A physicist's life: write a little code, mush a few Huskies

First the noses start twitching; then all five sets of ears perk up. Jen Adelman-McCarthy knows something tantalizing lies ahead.

Turning the corner, there it is: a dog struggling to break free of its owner to join her oncoming team of sled dogs. Her team leans toward the pair, eager to play. But Adelman-McCarthy barks, "On by!" Instantly, five furry necks snap forward. The dogs zoom past as if temptation had vanished.

"The complete look of shock on the person's face is a lot of fun," says Adelman-McCarthy, a particle physicist at Fermilab who relaxes—and sometimes competes—as a musher.

Dog sledding, she says, "is a collaboration like the large, international groups that work on experiments.
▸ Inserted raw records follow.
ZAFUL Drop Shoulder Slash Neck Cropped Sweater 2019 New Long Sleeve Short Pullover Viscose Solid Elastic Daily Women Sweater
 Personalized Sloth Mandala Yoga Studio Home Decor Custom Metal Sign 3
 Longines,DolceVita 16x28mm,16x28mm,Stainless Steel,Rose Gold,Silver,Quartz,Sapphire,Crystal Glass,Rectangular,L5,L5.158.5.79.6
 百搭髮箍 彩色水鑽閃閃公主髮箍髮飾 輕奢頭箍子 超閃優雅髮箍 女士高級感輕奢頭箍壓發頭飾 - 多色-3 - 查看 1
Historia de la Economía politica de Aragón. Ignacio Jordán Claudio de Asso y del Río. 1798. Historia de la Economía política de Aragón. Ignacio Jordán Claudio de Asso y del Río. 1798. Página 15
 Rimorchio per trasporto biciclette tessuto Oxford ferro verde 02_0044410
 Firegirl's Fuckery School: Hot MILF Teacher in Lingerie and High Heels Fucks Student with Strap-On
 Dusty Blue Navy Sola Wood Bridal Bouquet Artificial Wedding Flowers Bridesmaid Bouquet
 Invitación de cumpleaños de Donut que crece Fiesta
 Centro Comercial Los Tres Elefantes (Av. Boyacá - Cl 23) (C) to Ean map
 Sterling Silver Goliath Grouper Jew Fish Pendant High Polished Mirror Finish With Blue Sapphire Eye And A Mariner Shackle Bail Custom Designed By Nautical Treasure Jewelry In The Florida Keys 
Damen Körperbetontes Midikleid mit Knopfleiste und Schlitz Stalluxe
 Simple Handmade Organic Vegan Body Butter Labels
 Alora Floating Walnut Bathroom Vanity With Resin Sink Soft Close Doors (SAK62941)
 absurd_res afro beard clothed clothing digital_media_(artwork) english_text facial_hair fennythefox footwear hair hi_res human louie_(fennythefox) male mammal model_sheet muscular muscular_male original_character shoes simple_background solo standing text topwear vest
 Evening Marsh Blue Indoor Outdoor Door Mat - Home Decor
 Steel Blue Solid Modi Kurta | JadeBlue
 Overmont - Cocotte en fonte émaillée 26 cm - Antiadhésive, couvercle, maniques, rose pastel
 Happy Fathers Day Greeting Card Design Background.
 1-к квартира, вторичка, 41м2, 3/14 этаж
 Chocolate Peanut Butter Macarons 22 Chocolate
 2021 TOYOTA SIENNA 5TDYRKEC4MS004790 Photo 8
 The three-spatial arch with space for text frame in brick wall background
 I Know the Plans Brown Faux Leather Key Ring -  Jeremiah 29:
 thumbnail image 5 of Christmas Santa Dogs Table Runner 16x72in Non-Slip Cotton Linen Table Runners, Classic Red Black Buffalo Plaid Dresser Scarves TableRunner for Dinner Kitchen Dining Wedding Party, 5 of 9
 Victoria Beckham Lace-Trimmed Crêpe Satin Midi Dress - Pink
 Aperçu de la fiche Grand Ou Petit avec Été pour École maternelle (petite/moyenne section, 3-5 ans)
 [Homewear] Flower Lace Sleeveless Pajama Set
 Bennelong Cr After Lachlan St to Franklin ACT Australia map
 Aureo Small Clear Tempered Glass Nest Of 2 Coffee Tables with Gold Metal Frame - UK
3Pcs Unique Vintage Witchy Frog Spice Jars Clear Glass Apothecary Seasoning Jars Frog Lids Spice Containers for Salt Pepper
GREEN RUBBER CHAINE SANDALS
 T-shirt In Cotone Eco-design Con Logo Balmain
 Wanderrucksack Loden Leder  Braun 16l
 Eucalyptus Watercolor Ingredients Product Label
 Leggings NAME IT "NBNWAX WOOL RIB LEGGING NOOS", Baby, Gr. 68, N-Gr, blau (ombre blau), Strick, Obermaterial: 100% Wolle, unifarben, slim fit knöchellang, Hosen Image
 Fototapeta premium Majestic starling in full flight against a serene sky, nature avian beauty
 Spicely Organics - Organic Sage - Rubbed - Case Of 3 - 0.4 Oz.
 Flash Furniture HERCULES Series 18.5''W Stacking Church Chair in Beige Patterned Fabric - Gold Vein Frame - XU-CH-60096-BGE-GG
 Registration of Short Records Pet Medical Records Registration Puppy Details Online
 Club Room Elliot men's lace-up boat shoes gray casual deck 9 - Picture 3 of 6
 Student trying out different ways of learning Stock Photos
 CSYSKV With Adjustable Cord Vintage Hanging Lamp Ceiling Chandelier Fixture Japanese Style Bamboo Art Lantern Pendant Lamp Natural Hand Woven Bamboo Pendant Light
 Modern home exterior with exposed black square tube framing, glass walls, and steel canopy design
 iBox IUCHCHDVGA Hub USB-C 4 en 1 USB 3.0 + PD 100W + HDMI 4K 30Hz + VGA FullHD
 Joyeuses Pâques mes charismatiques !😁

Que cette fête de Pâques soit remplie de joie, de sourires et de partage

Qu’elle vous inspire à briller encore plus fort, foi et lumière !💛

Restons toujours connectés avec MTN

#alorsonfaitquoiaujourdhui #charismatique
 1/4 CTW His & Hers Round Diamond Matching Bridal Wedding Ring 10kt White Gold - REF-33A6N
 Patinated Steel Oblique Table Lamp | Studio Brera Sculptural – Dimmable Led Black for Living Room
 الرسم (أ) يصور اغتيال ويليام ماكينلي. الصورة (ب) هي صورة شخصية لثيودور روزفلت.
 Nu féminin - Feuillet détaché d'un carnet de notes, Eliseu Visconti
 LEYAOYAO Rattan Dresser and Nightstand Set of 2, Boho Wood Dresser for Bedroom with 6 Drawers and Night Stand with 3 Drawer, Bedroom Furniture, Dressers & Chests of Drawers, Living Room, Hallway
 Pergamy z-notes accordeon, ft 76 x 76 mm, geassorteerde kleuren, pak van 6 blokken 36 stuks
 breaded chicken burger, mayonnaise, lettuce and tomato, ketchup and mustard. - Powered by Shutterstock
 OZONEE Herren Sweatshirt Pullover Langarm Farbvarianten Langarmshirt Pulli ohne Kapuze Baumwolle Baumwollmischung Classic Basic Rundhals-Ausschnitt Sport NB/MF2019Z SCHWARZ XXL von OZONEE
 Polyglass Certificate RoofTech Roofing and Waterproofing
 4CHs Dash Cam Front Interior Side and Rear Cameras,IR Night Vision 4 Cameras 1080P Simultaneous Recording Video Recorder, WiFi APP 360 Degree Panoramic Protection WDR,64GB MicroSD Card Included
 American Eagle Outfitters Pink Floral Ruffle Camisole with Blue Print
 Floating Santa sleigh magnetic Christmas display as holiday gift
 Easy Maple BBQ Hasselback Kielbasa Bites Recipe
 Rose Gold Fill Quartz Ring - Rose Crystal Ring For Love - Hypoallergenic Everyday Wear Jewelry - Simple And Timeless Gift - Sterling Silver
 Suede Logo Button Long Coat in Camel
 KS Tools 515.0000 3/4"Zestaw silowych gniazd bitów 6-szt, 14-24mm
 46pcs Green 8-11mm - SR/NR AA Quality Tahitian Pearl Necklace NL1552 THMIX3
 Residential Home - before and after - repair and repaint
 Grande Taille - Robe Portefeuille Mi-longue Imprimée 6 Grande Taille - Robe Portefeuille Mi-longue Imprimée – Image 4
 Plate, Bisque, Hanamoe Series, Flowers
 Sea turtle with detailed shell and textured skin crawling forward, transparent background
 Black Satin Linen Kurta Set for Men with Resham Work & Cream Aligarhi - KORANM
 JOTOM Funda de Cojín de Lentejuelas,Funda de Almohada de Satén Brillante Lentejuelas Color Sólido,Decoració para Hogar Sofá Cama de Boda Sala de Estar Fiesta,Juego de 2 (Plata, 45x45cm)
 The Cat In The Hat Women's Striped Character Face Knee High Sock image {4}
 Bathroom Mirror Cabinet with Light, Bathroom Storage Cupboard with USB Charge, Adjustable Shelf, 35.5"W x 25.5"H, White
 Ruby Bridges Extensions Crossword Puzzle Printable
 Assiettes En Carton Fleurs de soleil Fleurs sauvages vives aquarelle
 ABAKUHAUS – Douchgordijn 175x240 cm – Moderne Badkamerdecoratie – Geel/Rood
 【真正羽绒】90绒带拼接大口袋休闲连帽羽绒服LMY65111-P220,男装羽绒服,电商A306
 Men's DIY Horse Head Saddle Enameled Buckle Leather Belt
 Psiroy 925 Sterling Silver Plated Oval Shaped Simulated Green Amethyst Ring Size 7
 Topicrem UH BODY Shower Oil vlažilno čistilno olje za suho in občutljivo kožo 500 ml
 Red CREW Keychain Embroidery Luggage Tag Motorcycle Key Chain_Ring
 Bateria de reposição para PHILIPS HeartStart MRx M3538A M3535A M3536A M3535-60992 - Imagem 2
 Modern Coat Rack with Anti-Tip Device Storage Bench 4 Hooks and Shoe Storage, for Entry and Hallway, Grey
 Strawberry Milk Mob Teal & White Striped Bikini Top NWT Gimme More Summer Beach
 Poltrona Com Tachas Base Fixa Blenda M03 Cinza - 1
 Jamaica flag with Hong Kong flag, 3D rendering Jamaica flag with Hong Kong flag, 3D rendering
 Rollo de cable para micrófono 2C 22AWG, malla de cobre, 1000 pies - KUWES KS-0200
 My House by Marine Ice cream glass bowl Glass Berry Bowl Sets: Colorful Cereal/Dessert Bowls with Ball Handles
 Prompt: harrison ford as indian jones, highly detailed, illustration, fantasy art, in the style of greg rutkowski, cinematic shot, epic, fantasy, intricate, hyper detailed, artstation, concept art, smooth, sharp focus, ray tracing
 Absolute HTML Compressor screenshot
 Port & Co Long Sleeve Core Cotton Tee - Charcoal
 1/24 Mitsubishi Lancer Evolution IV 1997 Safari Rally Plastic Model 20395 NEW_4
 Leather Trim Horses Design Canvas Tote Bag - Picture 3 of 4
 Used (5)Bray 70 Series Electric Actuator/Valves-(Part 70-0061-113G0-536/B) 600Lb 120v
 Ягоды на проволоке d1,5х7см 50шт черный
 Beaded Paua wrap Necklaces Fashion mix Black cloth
You have dogs with strong personalities. You have to learn which dogs are capable of leading, which dogs are best to run in the middle, which are the ‘wheel dogs' that aren't always the brightest but they pull the most weight. You learn to put together a team."

Adelman-McCarthy worked for 10 years at Fermilab on the first two phases of the Sloan Digital Sky Survey, helping identify 930,000 galaxies across one-quarter of the sky. She debugged and formatted software code that flags objects of interest spotted by the survey's telescopes. Now she will do same as part of the Compact Muon Solenoid experiment at CERN's Large Hadron Collider, as well as the Dark Energy Survey using a telescope in Chile.

The physicist borrows Huskies from fellow race enthusiasts to forge a team with her own dog Behr. Rescued from an abusive past, he has worked for five years to overcome a fear of people and become a lead race dog, as well as an enthusiastic participant in events to educate the public about the sport. Dog sledding's best-known event, the Iditarod, a 1000-plus-mile race with a worldwide audience, kicked off March 7 in Alaska.

"Those racers are my heroes," Adelman-McCarthy says. "Behr and I sit on the couch eating junk food, dreaming about being that good."